**Your task**: From the entries below, return exactly the lines beginning at the one that contains "Old vintage brass" and ending at the one that contains "A natural light", both of them included, and only those lines.

**Record extracts**:
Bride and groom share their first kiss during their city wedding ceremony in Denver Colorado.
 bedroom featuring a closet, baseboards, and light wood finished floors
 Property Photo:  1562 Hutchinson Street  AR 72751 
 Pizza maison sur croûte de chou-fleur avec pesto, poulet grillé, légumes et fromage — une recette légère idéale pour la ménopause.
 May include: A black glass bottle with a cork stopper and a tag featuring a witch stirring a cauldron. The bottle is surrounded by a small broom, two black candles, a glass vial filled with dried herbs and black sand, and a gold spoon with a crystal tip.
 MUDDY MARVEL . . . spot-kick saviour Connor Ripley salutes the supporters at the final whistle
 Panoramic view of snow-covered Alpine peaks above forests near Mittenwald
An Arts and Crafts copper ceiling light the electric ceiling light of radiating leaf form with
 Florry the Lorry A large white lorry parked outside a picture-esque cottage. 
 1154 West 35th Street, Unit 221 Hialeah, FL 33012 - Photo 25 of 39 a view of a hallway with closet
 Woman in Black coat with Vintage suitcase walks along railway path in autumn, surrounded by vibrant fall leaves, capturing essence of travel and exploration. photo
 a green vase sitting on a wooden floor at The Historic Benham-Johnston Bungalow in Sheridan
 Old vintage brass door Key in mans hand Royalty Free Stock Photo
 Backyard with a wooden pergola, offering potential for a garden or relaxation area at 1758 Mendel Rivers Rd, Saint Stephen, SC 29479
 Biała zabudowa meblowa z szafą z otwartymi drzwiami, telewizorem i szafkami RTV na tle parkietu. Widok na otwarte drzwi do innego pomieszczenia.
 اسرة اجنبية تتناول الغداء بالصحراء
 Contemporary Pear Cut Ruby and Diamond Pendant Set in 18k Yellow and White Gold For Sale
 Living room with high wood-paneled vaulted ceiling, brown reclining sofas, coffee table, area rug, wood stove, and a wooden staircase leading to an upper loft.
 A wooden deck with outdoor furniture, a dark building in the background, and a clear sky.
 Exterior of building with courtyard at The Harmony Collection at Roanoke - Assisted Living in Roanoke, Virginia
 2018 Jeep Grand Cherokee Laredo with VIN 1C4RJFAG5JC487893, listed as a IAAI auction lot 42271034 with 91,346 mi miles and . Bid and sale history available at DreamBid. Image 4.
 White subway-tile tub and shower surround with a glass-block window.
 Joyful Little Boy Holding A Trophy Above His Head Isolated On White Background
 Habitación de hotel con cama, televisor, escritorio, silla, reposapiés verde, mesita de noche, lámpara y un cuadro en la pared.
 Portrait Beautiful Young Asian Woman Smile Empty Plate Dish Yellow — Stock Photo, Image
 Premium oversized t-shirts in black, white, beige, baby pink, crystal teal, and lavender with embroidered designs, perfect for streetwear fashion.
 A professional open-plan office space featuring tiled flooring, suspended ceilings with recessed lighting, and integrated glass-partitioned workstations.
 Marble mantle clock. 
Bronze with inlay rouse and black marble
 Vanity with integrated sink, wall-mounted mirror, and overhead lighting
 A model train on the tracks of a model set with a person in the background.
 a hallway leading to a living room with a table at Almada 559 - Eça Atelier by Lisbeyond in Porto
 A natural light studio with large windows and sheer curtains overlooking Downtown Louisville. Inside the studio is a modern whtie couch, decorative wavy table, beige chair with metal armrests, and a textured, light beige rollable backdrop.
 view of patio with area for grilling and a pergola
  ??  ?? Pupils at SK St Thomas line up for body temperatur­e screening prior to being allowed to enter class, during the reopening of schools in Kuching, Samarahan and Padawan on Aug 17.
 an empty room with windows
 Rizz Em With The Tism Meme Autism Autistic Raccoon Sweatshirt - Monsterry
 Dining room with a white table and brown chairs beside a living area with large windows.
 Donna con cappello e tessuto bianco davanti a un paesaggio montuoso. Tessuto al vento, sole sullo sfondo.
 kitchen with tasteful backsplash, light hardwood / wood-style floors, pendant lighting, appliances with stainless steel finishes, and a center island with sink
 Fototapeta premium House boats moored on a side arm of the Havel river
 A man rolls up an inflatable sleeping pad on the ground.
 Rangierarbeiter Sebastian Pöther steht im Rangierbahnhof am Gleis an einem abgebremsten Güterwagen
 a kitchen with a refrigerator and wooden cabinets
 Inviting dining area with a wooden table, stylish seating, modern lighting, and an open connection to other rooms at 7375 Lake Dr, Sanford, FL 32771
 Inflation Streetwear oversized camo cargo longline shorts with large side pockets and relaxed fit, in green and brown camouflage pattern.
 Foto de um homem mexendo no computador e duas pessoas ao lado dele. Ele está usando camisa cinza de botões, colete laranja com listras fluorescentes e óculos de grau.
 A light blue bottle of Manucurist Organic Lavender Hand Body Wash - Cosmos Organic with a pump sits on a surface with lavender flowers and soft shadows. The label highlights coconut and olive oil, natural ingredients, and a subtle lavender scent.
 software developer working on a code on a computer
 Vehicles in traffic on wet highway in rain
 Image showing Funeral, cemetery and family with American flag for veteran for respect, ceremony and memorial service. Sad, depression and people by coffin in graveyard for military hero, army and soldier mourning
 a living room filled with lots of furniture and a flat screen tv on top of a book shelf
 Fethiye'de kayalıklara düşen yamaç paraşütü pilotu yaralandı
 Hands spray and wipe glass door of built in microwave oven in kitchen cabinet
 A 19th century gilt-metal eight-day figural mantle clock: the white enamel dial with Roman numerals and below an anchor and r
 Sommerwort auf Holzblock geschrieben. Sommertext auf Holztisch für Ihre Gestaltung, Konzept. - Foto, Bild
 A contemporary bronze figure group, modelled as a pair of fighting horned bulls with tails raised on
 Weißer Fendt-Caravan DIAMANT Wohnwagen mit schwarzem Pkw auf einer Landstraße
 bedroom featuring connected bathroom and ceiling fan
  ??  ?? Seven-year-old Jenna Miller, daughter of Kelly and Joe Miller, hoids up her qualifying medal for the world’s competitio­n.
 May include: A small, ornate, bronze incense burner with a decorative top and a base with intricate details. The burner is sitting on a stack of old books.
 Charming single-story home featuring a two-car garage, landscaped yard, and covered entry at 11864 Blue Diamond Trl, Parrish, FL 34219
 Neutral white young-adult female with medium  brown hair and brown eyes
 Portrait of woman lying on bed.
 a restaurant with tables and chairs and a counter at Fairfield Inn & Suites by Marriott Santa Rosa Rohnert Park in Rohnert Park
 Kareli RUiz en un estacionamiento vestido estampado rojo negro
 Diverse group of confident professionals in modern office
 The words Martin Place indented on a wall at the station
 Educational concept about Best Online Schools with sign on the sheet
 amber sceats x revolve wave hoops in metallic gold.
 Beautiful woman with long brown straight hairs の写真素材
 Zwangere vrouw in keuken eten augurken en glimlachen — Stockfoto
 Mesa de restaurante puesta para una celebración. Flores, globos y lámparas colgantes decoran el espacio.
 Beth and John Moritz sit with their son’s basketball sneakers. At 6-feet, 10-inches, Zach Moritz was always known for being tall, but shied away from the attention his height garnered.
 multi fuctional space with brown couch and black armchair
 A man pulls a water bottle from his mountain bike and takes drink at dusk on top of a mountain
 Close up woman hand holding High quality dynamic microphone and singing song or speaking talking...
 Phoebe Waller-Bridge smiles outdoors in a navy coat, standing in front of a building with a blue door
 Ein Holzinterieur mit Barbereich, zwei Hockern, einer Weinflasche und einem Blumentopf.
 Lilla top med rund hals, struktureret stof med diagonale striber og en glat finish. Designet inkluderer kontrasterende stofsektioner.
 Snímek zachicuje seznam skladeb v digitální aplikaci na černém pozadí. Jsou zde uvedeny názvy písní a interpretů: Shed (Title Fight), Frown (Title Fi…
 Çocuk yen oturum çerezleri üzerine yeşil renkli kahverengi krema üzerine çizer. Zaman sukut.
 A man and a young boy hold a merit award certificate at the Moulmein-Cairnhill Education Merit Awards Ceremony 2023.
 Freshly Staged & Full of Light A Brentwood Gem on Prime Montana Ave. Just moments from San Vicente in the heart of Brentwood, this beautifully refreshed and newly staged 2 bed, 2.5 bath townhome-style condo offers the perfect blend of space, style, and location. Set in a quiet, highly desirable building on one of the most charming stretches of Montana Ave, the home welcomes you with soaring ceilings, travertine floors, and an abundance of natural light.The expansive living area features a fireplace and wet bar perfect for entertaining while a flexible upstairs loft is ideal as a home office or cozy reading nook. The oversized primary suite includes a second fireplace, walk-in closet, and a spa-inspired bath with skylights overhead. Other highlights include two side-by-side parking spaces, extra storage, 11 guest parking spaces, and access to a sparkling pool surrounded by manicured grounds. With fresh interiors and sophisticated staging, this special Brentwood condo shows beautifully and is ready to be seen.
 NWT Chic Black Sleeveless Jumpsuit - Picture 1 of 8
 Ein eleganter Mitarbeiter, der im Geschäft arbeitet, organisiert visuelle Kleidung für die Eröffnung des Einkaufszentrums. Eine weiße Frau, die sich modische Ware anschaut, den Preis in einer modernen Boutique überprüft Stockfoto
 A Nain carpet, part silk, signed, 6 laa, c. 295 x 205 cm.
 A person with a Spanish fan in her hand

**Solution below**:
 Old vintage brass door Key in mans hand Royalty Free Stock Photo
 Backyard with a wooden pergola, offering potential for a garden or relaxation area at 1758 Mendel Rivers Rd, Saint Stephen, SC 29479
 Biała zabudowa meblowa z szafą z otwartymi drzwiami, telewizorem i szafkami RTV na tle parkietu. Widok na otwarte drzwi do innego pomieszczenia.
 اسرة اجنبية تتناول الغداء بالصحراء
 Contemporary Pear Cut Ruby and Diamond Pendant Set in 18k Yellow and White Gold For Sale
 Living room with high wood-paneled vaulted ceiling, brown reclining sofas, coffee table, area rug, wood stove, and a wooden staircase leading to an upper loft.
 A wooden deck with outdoor furniture, a dark building in the background, and a clear sky.
 Exterior of building with courtyard at The Harmony Collection at Roanoke - Assisted Living in Roanoke, Virginia
 2018 Jeep Grand Cherokee Laredo with VIN 1C4RJFAG5JC487893, listed as a IAAI auction lot 42271034 with 91,346 mi miles and . Bid and sale history available at DreamBid. Image 4.
 White subway-tile tub and shower surround with a glass-block window.
 Joyful Little Boy Holding A Trophy Above His Head Isolated On White Background
 Habitación de hotel con cama, televisor, escritorio, silla, reposapiés verde, mesita de noche, lámpara y un cuadro en la pared.
 Portrait Beautiful Young Asian Woman Smile Empty Plate Dish Yellow — Stock Photo, Image
 Premium oversized t-shirts in black, white, beige, baby pink, crystal teal, and lavender with embroidered designs, perfect for streetwear fashion.
 A professional open-plan office space featuring tiled flooring, suspended ceilings with recessed lighting, and integrated glass-partitioned workstations.
 Marble mantle clock. 
Bronze with inlay rouse and black marble
 Vanity with integrated sink, wall-mounted mirror, and overhead lighting
 A model train on the tracks of a model set with a person in the background.
 a hallway leading to a living room with a table at Almada 559 - Eça Atelier by Lisbeyond in Porto
 A natural light studio with large windows and sheer curtains overlooking Downtown Louisville. Inside the studio is a modern whtie couch, decorative wavy table, beige chair with metal armrests, and a textured, light beige rollable backdrop.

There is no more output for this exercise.